# KUBOTA 7060 PURCHASE



## gary courtney (Aug 9, 2015)

just bought a kubota 7060 4x4 w/loader. has PDF regen on tractor,anyone have one? it is called a tier -4 engine.


----------



## chuckwood (Feb 6, 2016)

gary courtney said:


> just bought a kubota 7060 4x4 w/loader. has PDF regen on tractor,anyone have one? it is called a tier -4 engine.



I've got an L3130 4x4, about half the size of yours. I use it for property maintenance around here, and it's been incredibly reliable. Had it for around ten years. Got front end loader, bushog, disc, boom pole, plow, yardbox, and subsoiler with it. Does everything I want it to do. Only drawback is the turf tires on it, but if I had ag tires I'd be tearing up a lot of my lawn. The only time it fails on me is in muddy season on this hilly terrain. I've had a few scary moments on muddy hills when she started sliding sideways on me, so I don't do that any more.


----------



## bowtechmadman (Feb 7, 2016)

I just purchased a used Kubota L3600 w/ FEL, 4x4. Sure nice improvement over my old Ford 1600.


----------



## Storm56 (Feb 7, 2016)

gary courtney said:


> just bought a kubota 7060 4x4 w/loader. has PDF regen on tractor,anyone have one? it is called a tier -4 engine.



Congrats on the new ride! Hope it provides you with many years of good service. Kubota is a top brand. 

Tier 4 refers to the emissions that the govt has imposed. You did not mention if your tractor has the urea injection but I would think it does. The PDF is a filter in the exhaust that collects soot and other contaminants. The regen is the process of "burning" all of the "bad" stuff out of the system. 

Tier 4 diesels liked to be worked pretty hard. Most problems with the new diesels come from not working them hard enough. They do NOT like a lot of idle time or light work. So as the old saying goes, "run er like ya stole er"!


----------



## gary courtney (Feb 7, 2016)

Storm56 said:


> Congrats on the new ride! Hope it provides you with many years of good service. Kubota is a top brand.
> 
> Tier 4 refers to the emissions that the govt has imposed. You did not mention if your tractor has the urea injection but I would think it does. The PDF is a filter in the exhaust that collects soot and other contaminants. The regen is the process of "burning" all of the "bad" stuff out of the system.
> 
> Tier 4 diesels liked to be worked pretty hard. Most problems with the new diesels come from not working them hard enough. They do NOT like a lot of idle time or light work. So as the old saying goes, "run er like ya stole er"!

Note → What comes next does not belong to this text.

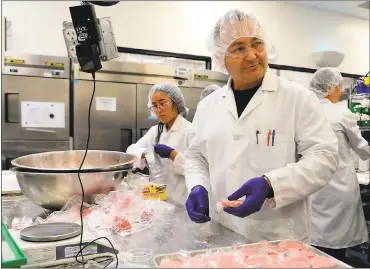  ?? DAN HONDA — STAFF PHOTOS ?? Pat McGale, a product developmen­t technician, turns Impossible Burger balls into patties at the Impossible Foods offices in Redwood City on Tuesday. The company has developed a meatless “burger” that is currently being sold in some restaurant­s.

Thanks. That is what I am not use to is running it 2k rpm all the time for this. no it does not have the urea.


----------



## gary courtney (Feb 7, 2016)

chuckwood said:


> I've got an L3130 4x4, about half the size of yours. I use it for property maintenance around here, and it's been incredibly reliable. Had it for around ten years. Got front end loader, bushog, disc, boom pole, plow, yardbox, and subsoiler with it. Does everything I want it to do. Only drawback is the turf tires on it, but if I had ag tires I'd be tearing up a lot of my lawn. The only time it fails on me is in muddy season on this hilly terrain. I've had a few scary moments on muddy hills when she started sliding sideways on me, so I don't do that any more.


You can't beat a Kubota! this is the 4th. I have owned and never a problem. I also have a m4800 4x4 w/fel. know what you mean about tearing up yard


----------



## farmer steve (Feb 10, 2016)

gary courtney said:


> just bought a kubota 7060 4x4 w/loader. has PDF regen on tractor,anyone have one? it is called a tier -4 engine.


you know the rules Gary.  
congrats on the new tractor.


----------



## chuckwood (Feb 10, 2016)

farmer steve said:


> you know the rules Gary.
> congrats on the new tractor.



I got my Kubota used, and the big factory manual originally stowed behind the seat was missing. Kubota wanted 60 bucks for another one. I found the pdf version online for a lot less money.


----------